-- Try it --
Without including any picture, repeat the records below exactly.
■ ■ ■ ■ ■ ■ ■
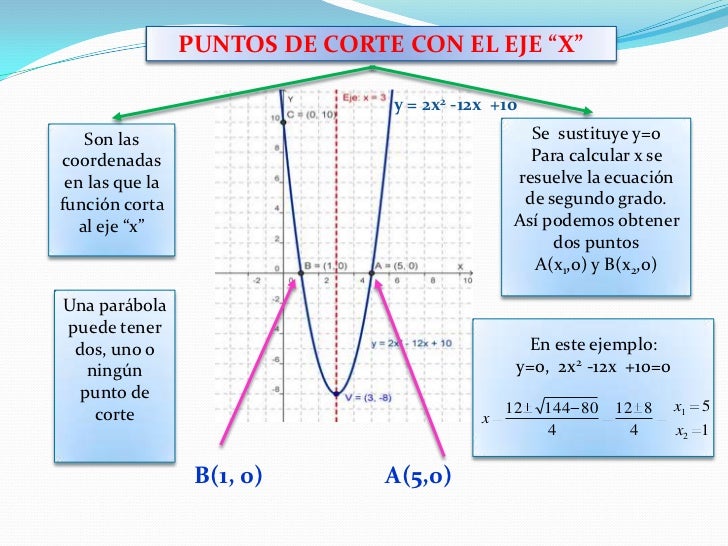 Funciones cuadráticas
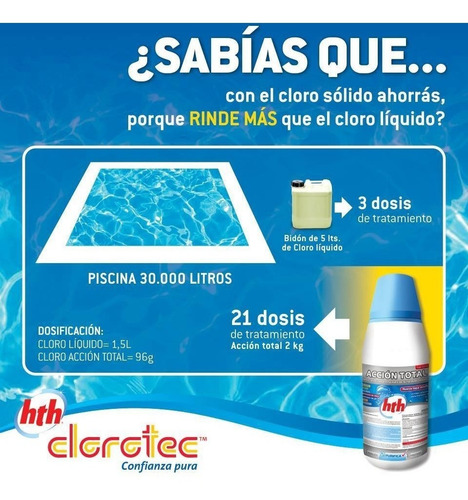 Imagen 7 de 11 de Alguicida Mantenimiento 5 Lts Clorotec Piletas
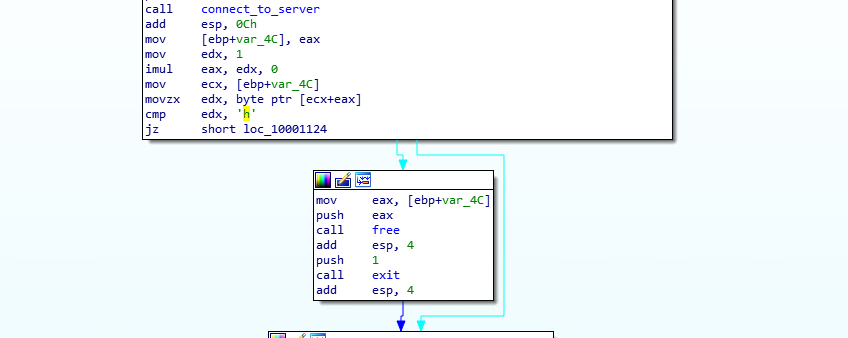 図13 ‘h’のチェック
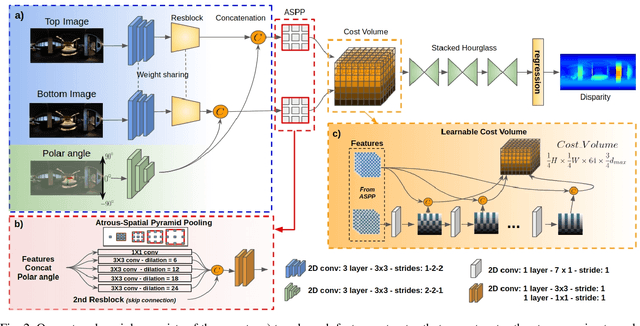 Figure 2 for 360SD-Net: 360° Stereo Depth Estimation with Learnable Cost Volume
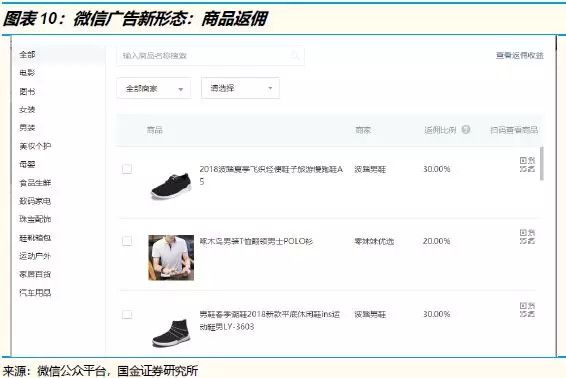 腾讯2019年一季度:用户时长并未被短视频抢走,更重要的是宏观经济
■ ■ ■ ■ ■ ■ ■
-- Answer box --
 Funciones cuadráticas
 Imagen 7 de 11 de Alguicida Mantenimiento 5 Lts Clorotec Piletas
 図13 ‘h’のチェック
 Figure 2 for 360SD-Net: 360° Stereo Depth Estimation with Learnable Cost Volume
 腾讯2019年一季度:用户时长并未被短视频抢走,更重要的是宏观经济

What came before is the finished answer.